» WHAT IS REQUIRED
Take the line with "Statue Héron avec" and every line after it in the entries below, and set them down exactly, without any pictures.

*** Opening PROVIDED ENTRIES ***

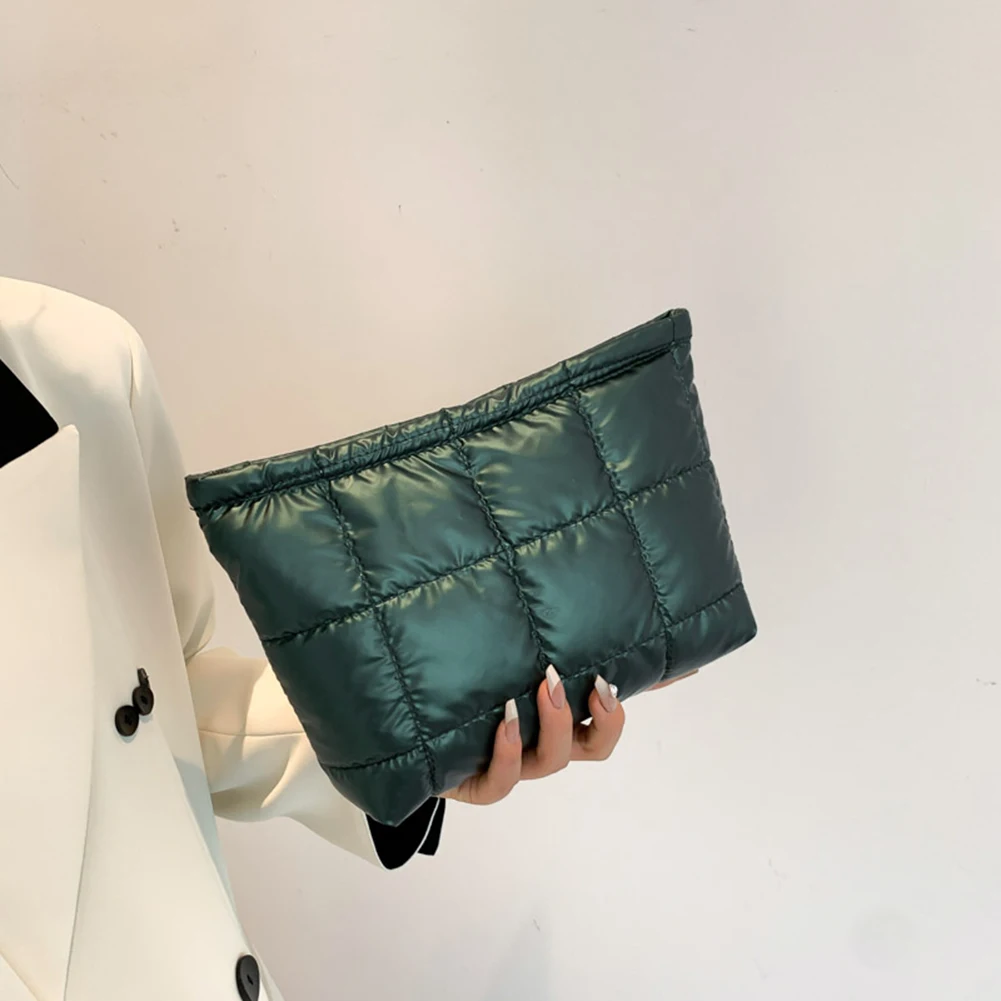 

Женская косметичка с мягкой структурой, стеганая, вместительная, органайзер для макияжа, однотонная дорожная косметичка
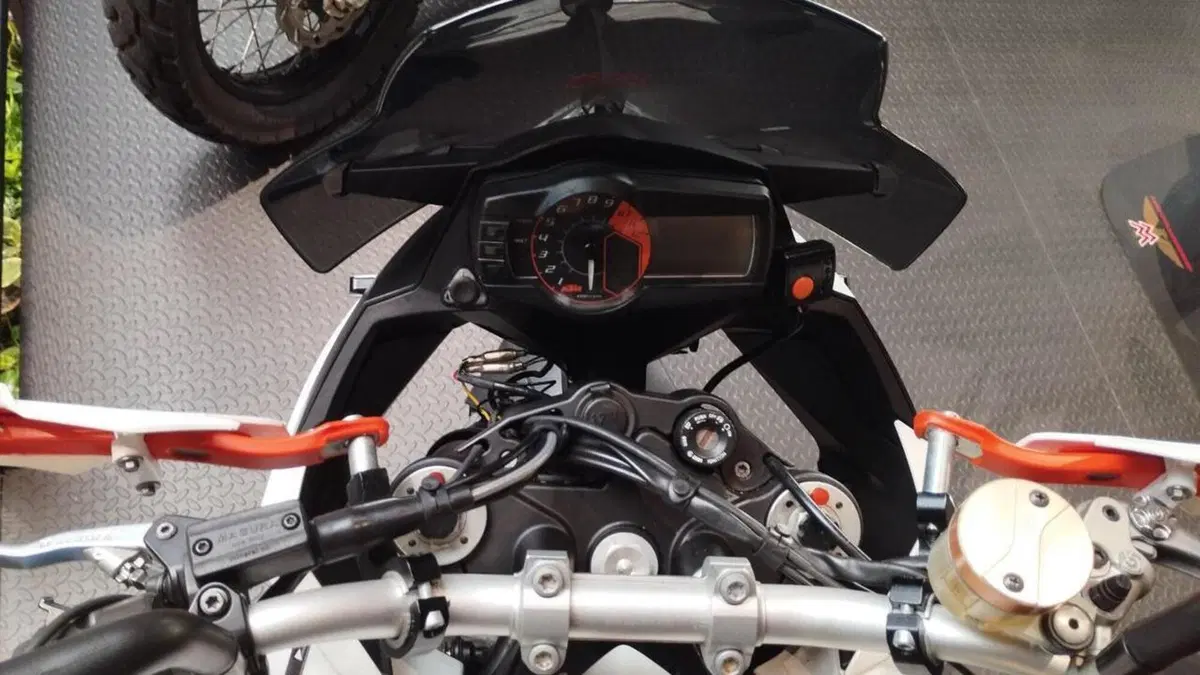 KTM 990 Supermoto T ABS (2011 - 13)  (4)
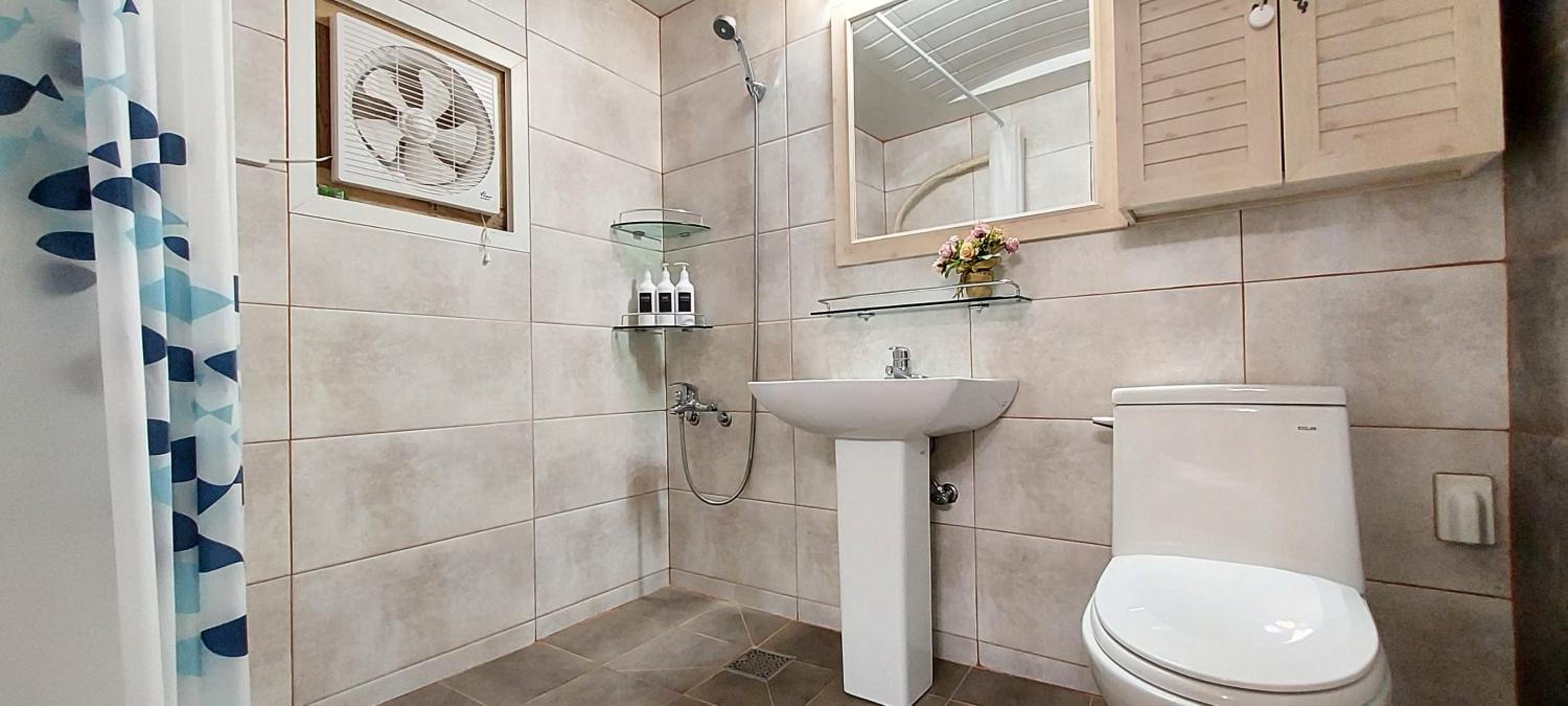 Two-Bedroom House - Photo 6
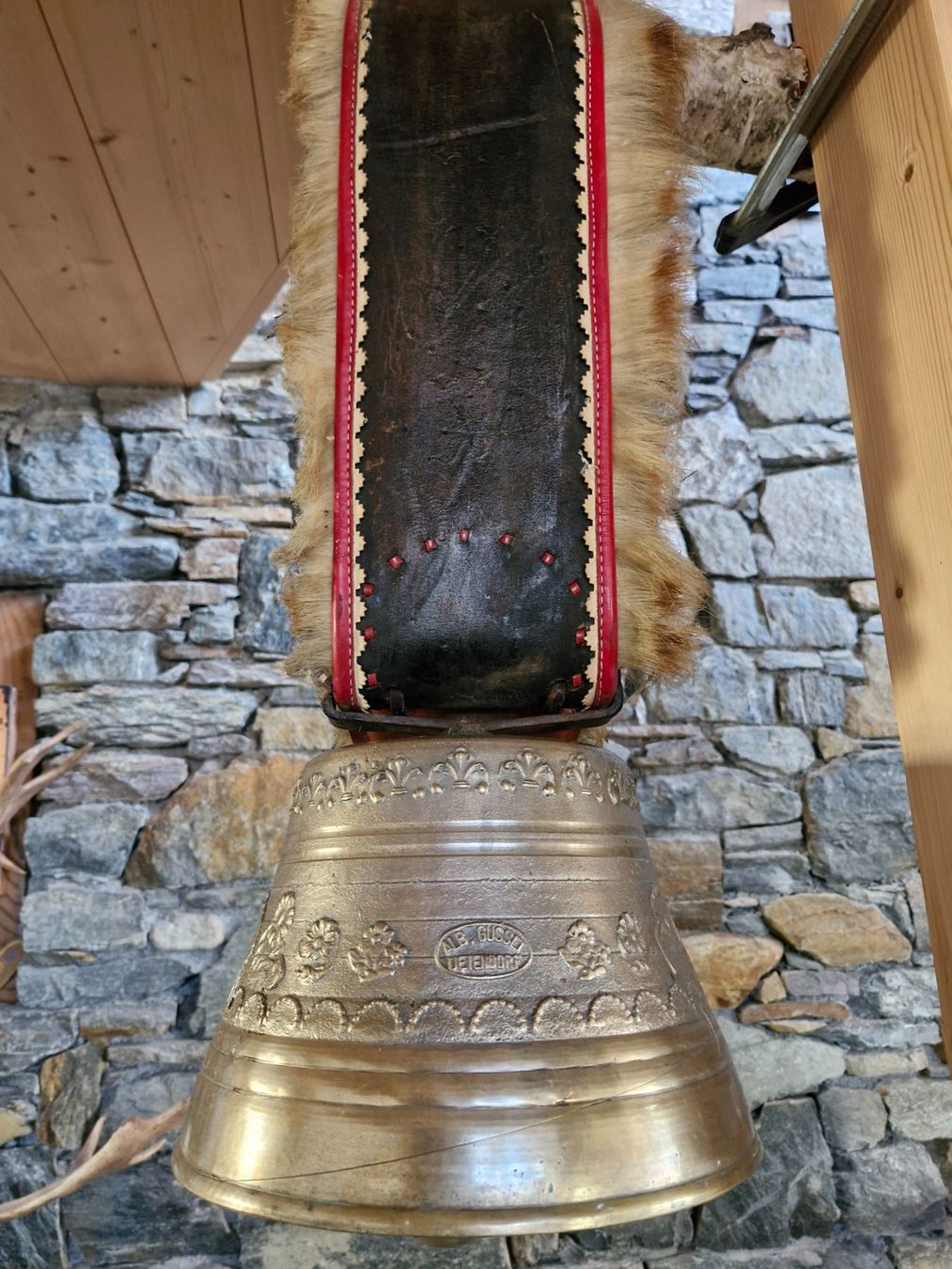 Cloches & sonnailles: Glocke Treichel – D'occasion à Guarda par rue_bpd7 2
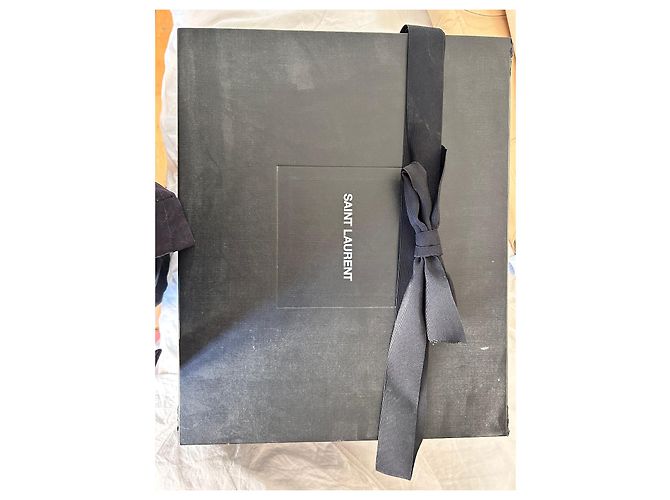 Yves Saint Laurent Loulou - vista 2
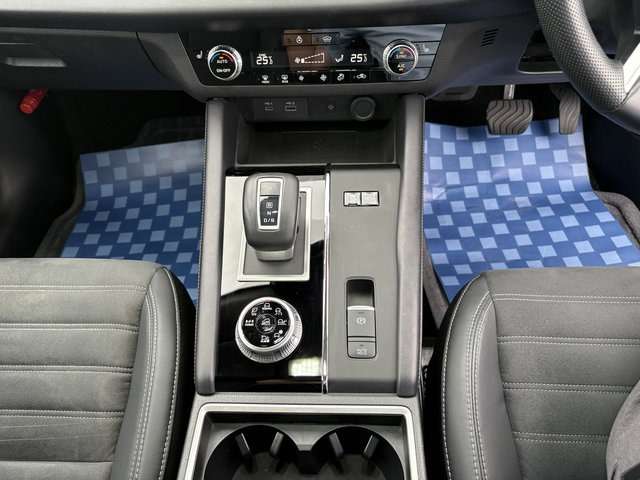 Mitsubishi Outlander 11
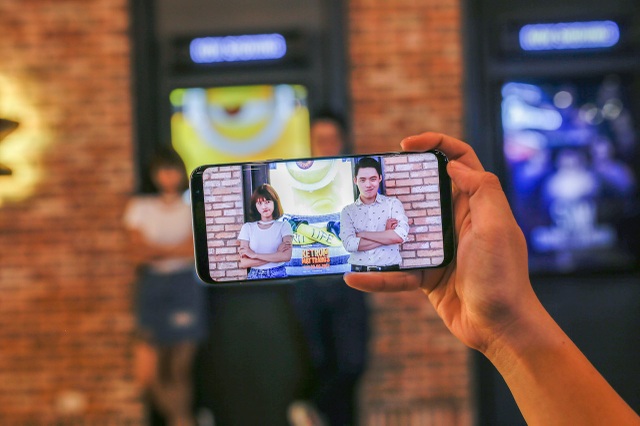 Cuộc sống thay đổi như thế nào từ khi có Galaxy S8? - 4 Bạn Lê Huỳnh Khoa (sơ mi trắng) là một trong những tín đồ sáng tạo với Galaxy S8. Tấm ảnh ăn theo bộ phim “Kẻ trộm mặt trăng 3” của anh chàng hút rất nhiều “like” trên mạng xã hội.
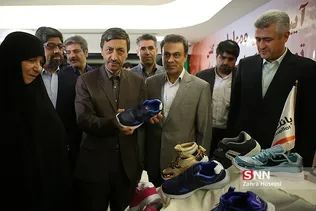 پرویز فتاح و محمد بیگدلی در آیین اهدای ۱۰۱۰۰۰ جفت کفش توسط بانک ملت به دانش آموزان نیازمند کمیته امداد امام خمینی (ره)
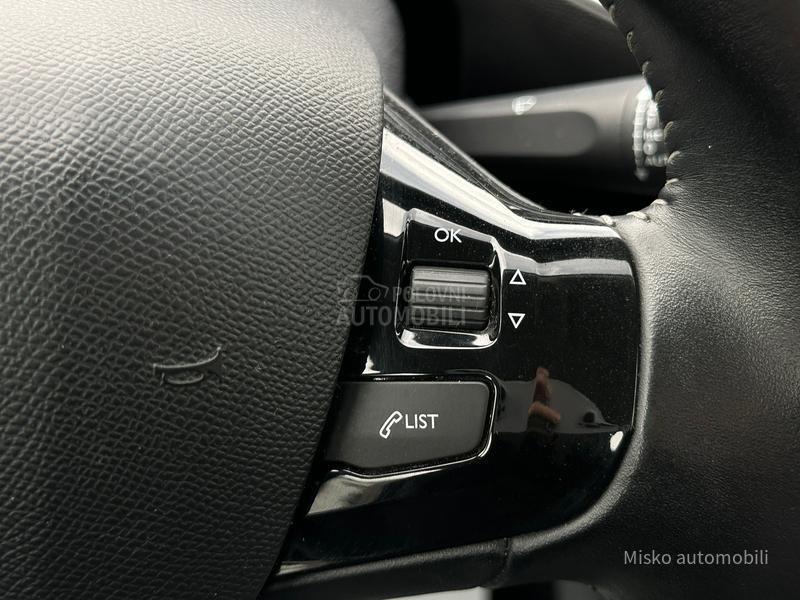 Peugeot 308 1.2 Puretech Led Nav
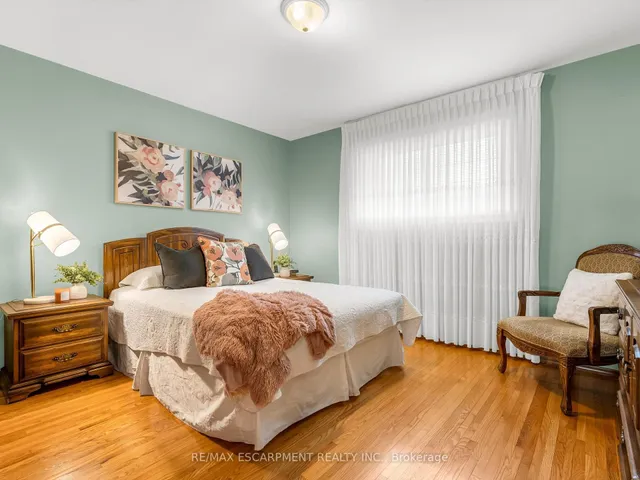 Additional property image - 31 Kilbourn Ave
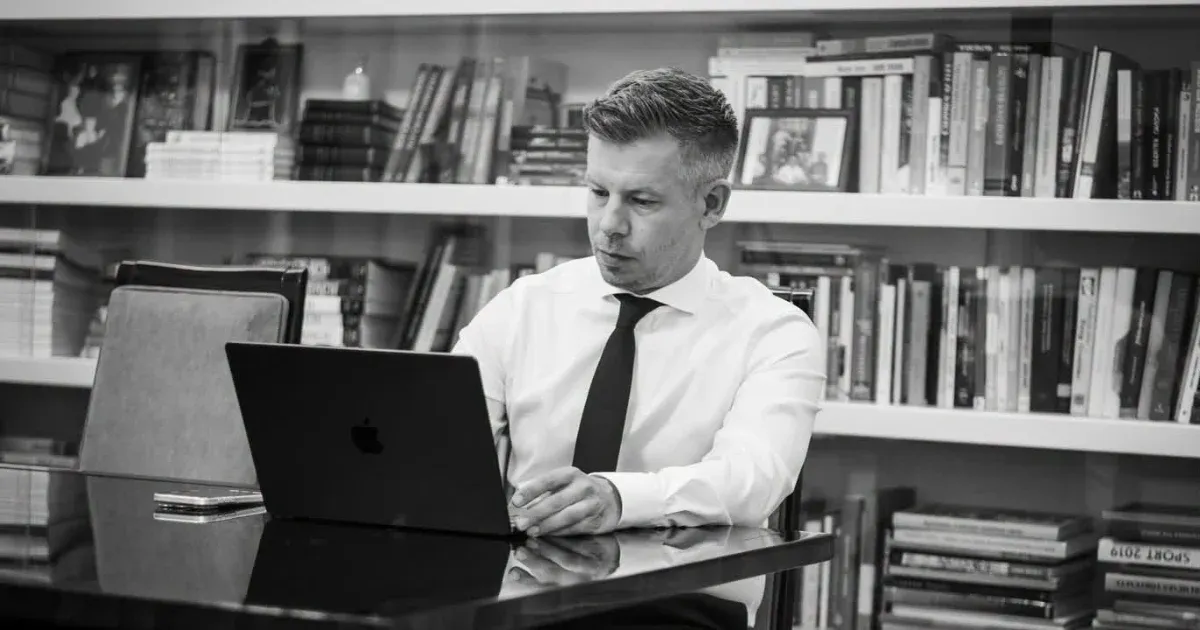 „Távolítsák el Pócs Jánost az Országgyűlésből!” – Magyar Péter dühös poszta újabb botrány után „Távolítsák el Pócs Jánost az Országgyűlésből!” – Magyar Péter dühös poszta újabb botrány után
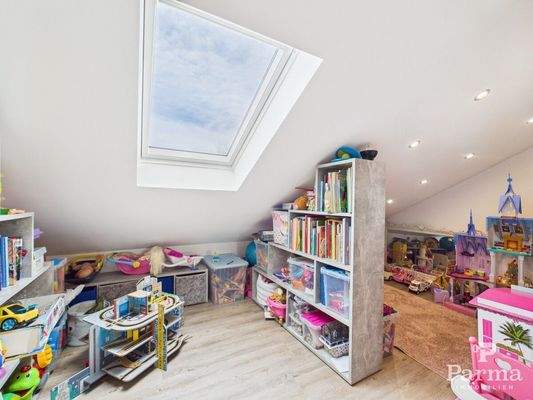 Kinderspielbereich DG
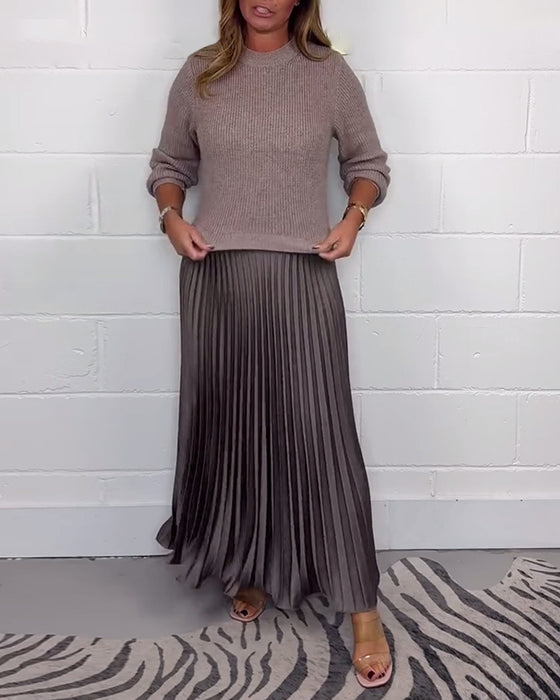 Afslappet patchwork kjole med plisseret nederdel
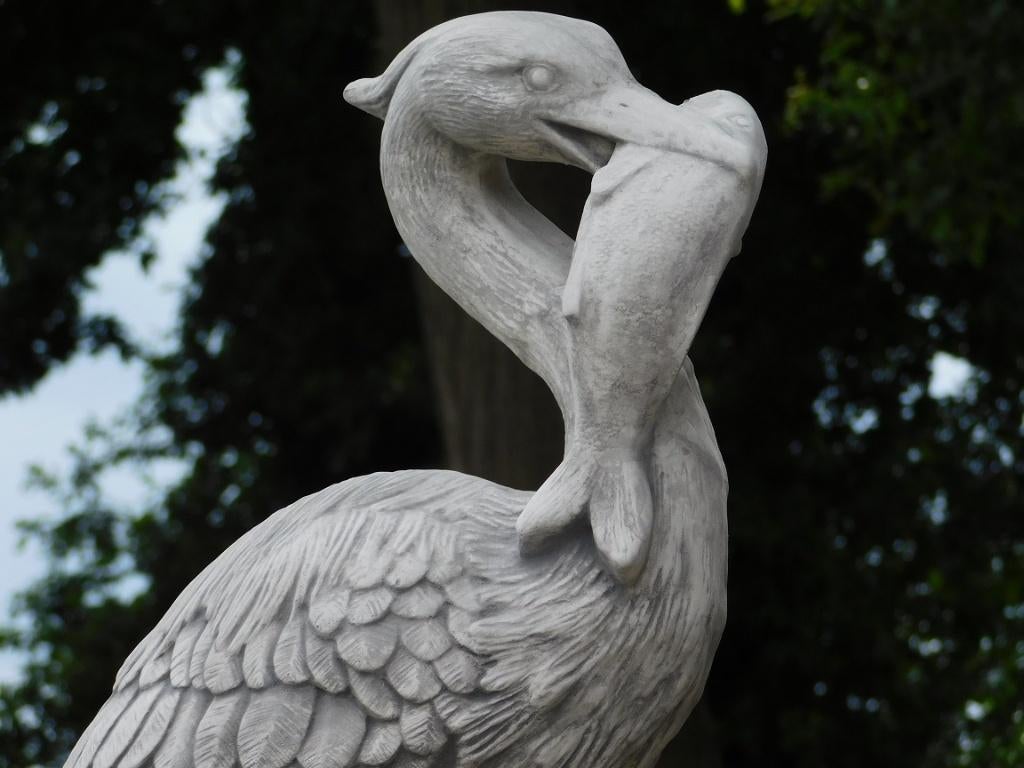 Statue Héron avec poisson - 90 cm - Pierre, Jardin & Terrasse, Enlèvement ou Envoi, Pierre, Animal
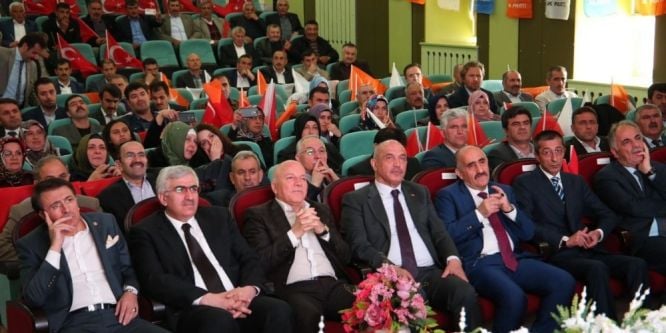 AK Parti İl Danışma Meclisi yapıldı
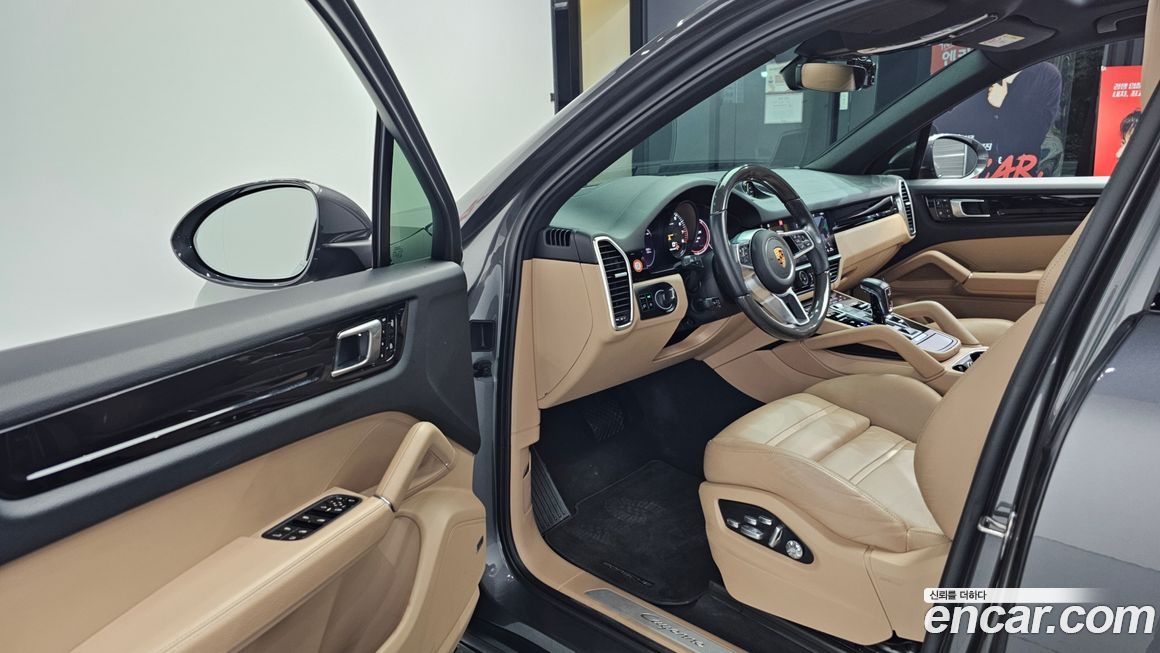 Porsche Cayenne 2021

*** Closing PROVIDED ENTRIES ***

» THE ANSWER
 Statue Héron avec poisson - 90 cm - Pierre, Jardin & Terrasse, Enlèvement ou Envoi, Pierre, Animal
 AK Parti İl Danışma Meclisi yapıldı
 Porsche Cayenne 2021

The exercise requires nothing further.